I thank the noble Lord for a detailed question. I cannot possibly pretend to know the details of the accounting rules that govern these kinds of arrangements, but I will be glad to write to reassure him on this matter. All I can say is that by designing and publishing a detailed long-term plan, the scope for fiddling around and moving money from one bucket to another is greatly diminished.
I congratulate my noble friend on a Statement which proposes a large amount of capital investment that is not being financed by PFI. There is a case for PFI when there is a genuine transfer of risk to the private sector. That has almost never been the case in the health service. It was simply a device to keep borrowing off the Government’s balance sheet. When Enron did that, it went bust and people went to jail. It is a great relief to many of us that the Government are no longer using a criminal form of Enron accounting.
My noble friend puts it very well, and I endorse his emotion.
My Lords, I am sorry to keep on about PFI. I welcome the Government’s announcements today—who could not welcome this sort of investment in our health service? But we have a two-tier health service with PFI hospitals. Although it is not part of this announcement, I urge the Minister to please look at the issue of PFI funding. When you are trying to join together health and social care, primary and secondary care, having a PFI hospital within that mix in an area creates considerable challenges for that funding. I urge the Government to look at that further.

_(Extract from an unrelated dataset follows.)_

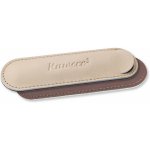Kaweco kožené ECO Creamy Espresso pro 1 pero SPORT – Hledejceny.cz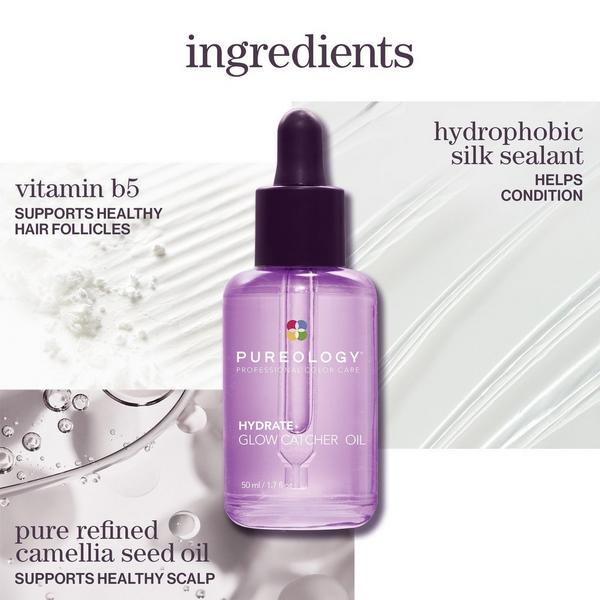 Pureology Hydrate Glow Catcher Oil #5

My noble friend puts the point very well. I think the Statement makes it clear that the lessons have been learned on PFI and that that episode is now behind us. The question of how the existing contracts continue to be managed and the impact that has on communities where there are PFI hospitals is clearly one of concern to the House, but I am afraid that it is outside the scope of this Statement. However, I will raise it with the Minister and if there is anything helpful I can provide, I will be sure to pass it on.
Will the £200 million of extra money that is going into upgrading MRI and CT scanners start in the first phase? We want even earlier diagnosis and screening.
I am almost certain that it will. Let me confirm that in detail, so as not to waste the time of the House.